Picture of (TECEL) Test of Early Communication and Emerging Language


A revision of the highly regarded Nonspeech Test for Receptive/Expressive Language, the TECEL assesses early communication and emerging language in infants and toddlers up to 24 months of age. It can also be used with older children who have moderate to severe language delays.

Child Observation and Parent Interview

To administer the TECEL, the examiner interacts with the child and observes his or her behavior (response to sounds, attention to pictures, and use of words or symbols to refer to objects). Toys, small household objects, and a set of full-color Picture Plates—all included in the Kit—are used to engage the child and elicit specific behaviors. The examiner also interviews the parent or caregiver, asking detailed questions about the child’s communication and language skills. Instructions in the Manual and on the Record Booklet guide the examiner through both the observation and the interview.

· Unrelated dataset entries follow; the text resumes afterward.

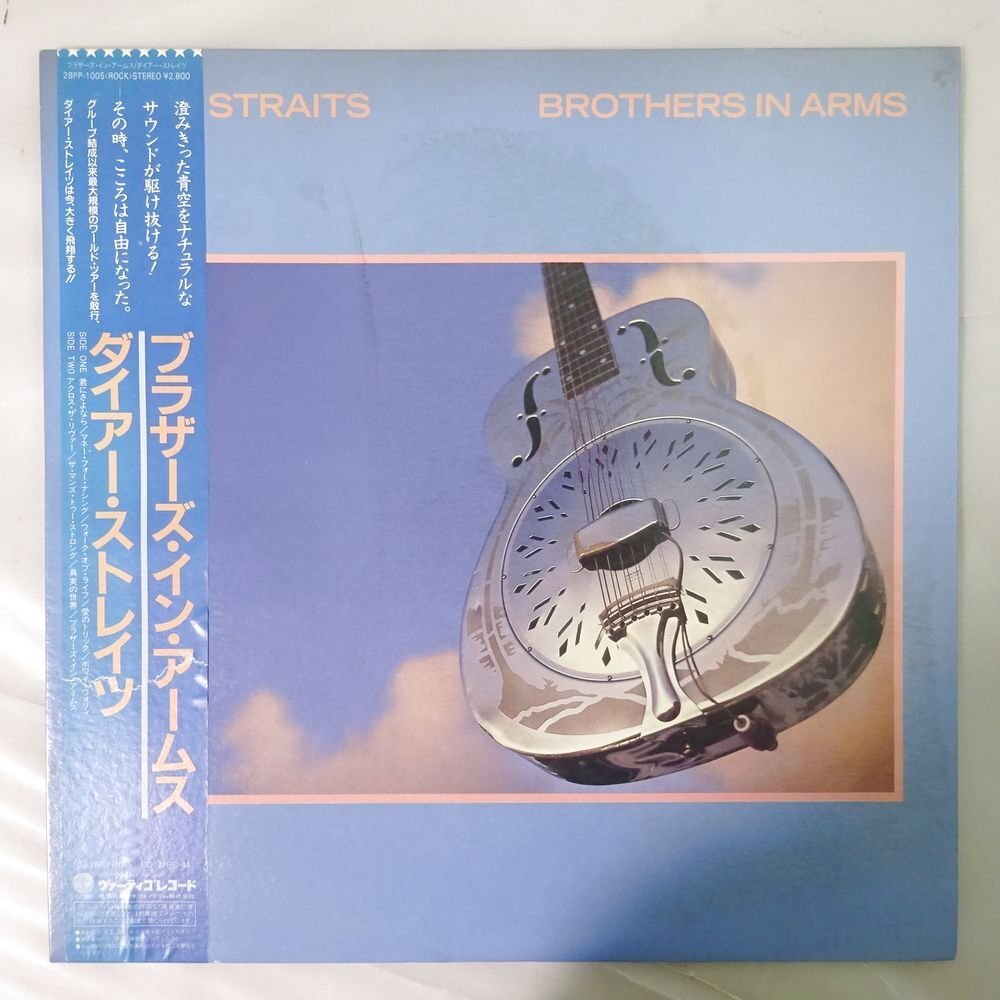 14031206;【美盤/帯付】Dire Straits / Brothers In Arms_画像1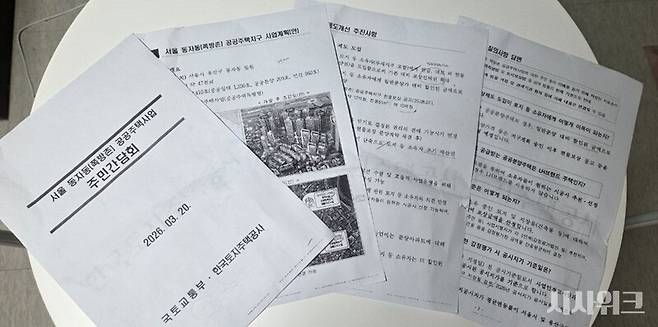 시사위크가 동자동 쪽방촌 관계자로부터 입수한 '서울 동자동 공공주택사업 주민간담회' 자료에 따르면, 이날 국토부와 한국토지주택공사는 건물주들을 설득하기 위한 방안으로 '현물보상 제도 도입'과 '전매제한 완화'를 제시했다. / 사진=이민지 기자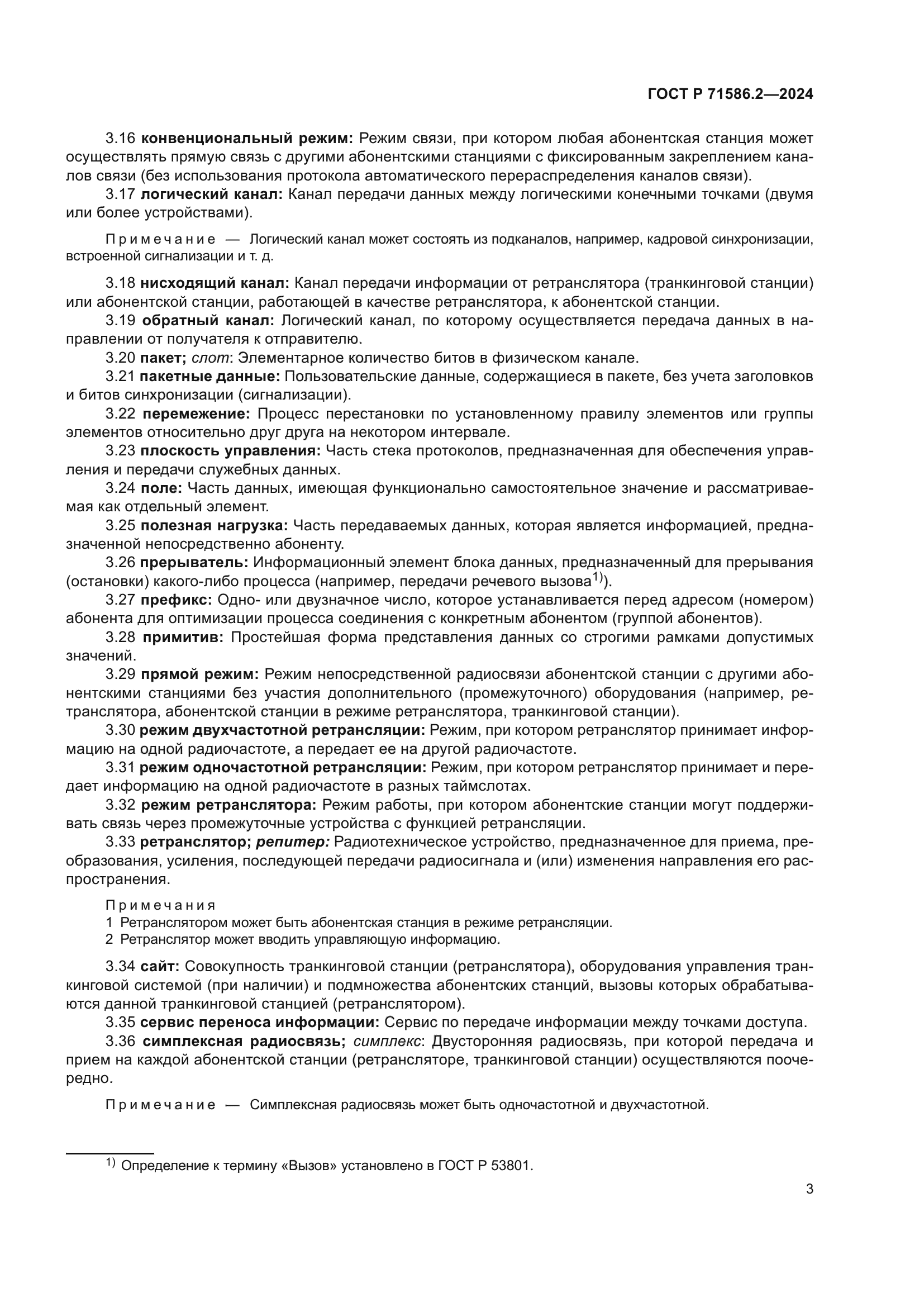 ГОСТ Р 71586.2-2024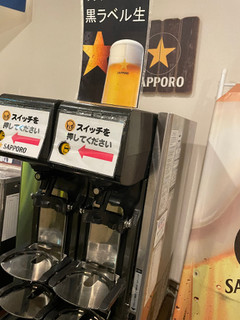 「サッポロ 生ビール黒ラベル 缶500ml」のクチコミ画像 by ぺりちゃんさん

Norm-Referenced Scores and a Handy Intervention Planner

Each item on the test is color-coded to indicate whether it measures receptive or expressive language skills. A score of 1 is given for each correct response, a score of 0 for each incorrect response. Item points are totaled to arrive at a raw score, which is then converted to three normative scores: percentile rank, age equivalent, and a standard index score. The child’s performance is also described as falling into one of seven categories, ranging from “Very Poor” to “Very Superior.”

When testing is complete, the examiner can refer to the Informal Assessment and Intervention Plan (included in the Kit) for additional interpretive information. This convenient booklet guides users in making placement and treatment recommendations.

A Clear Picture of Strengths and Weaknesses

In the hands of speech-language pathologists, early childhood specialists, diagnosticians, psychologists, and related professionals, the TECEL can be used to:

  • Assess communication and language strengths and weaknesses
  • Design intervention plans
  • Predict future language development

The test can be administered to both verbal and nonverbal children, including those who communicate by means other than speech.